If there was no planet and it was just the sun what type of life forms would live on a world without any darkness?

Hoping for some interesting and different opinions. Thanks guys
 
Maybe start with "Ringworld"! Though not an actual sphere, it will give you a perspective, a frame of reference for your writing, some answers to your questions, an one HELL of a read! Good Luck. :bolian:
 
I have read up on Dyson spheres and know that it wasn't meant as a serious theory by Dyson, however the idea fascinates me. The practicality of building such a mammoth structure and time and resources make it seem impossible, But let's just assume it existed.

I am really interested in understanding how life would exist and evolve in the sphere. In TNG 'Relics' we learn the sphere has a surface volume equivalent to150 million earths.

Greater than that assuming a sphere radius of 1AU around a identiaal start to the Sun for the same insolation .

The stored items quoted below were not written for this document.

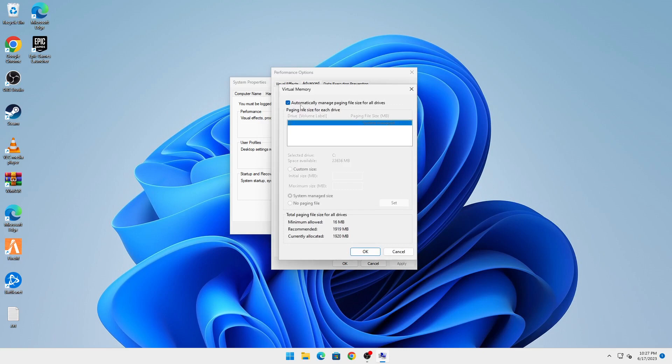This option should be checked by default. You're going to click on this to uncheck it. You might have multiple drives - I only have one drive, but you have to do this process for every drive you have.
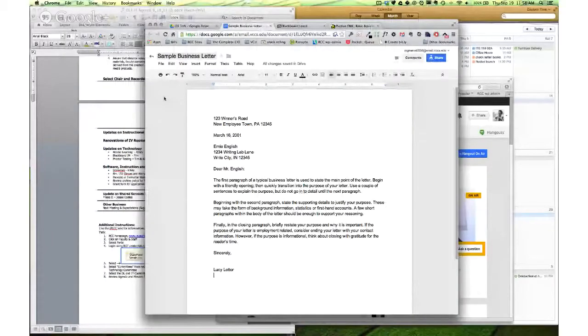Minimize that. So this is what you're going to do. You've got your business letter here.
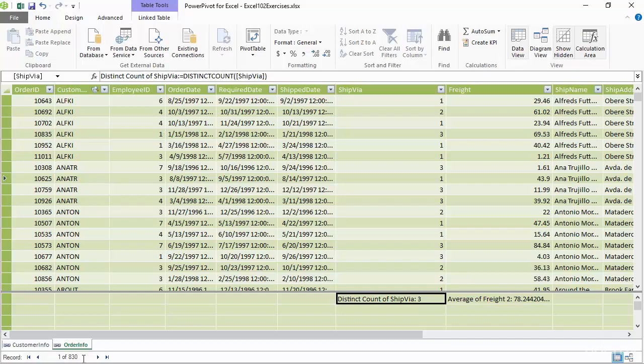So again, really simple: just click in the column, head to Home, go to AutoSum, pick your calculation. Now we're going to take this a step further in the next lecture and utilize these calculations to create KPIs. So try this out first, and then we'll jump into the next discussion of creating KPIs inside of your data models.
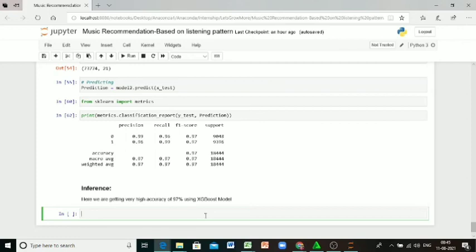So this is my model for music recommendation. Thank you.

Volume of a sphere = 4 * pi * r^3 /3
Area of a sphere = 4 * pi * r^2

Assume r = 1 AU = about 150 * 10^6 km or 23,455 Earth radii.

Assuming Earth a perfect sphere (near enough) gives:

Volume ratio = 12.9 trillion.
Area ratio = 550 million.

The inner surface has continents and oceans, the sun at the centre provides enough energy to sustain all the needs of any technologically developed societies.I have a few questions for a fan fiction I'm writing. I'd like to hear your thoughts please.

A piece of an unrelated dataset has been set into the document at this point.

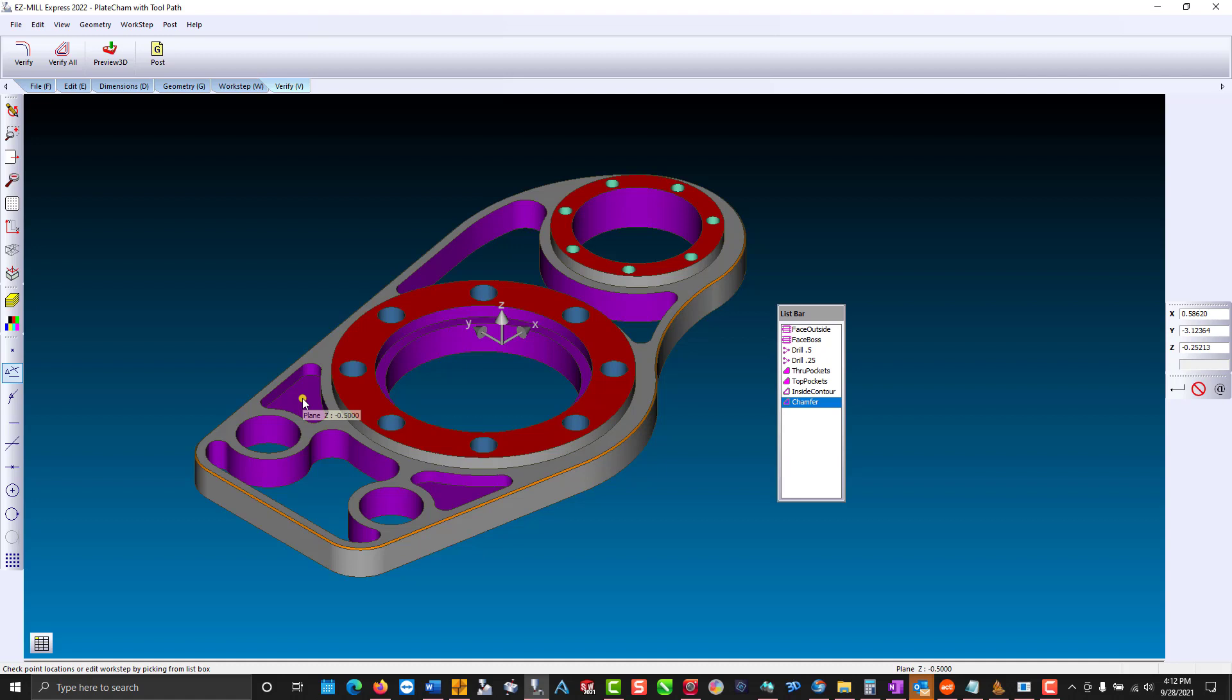Select the bottom of a pocket, and it gives us our Z plane, which is based off of our coordinate system.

How would the sphere provide gravity? Would it use the same tech as on Starfleet ships or would the sphere revolve?

Rotation to simulate gravity requires ultrastrong materials, see Scrith in Larry Niven's Ringworld. It also less and less effective toward the poles, where the centripetal acceleration becomes zero -- hence Niven envisaging a ring rather than a sphere. Otherwise, you're best off inventing an engineering solution using made-up physics like Star Trek does.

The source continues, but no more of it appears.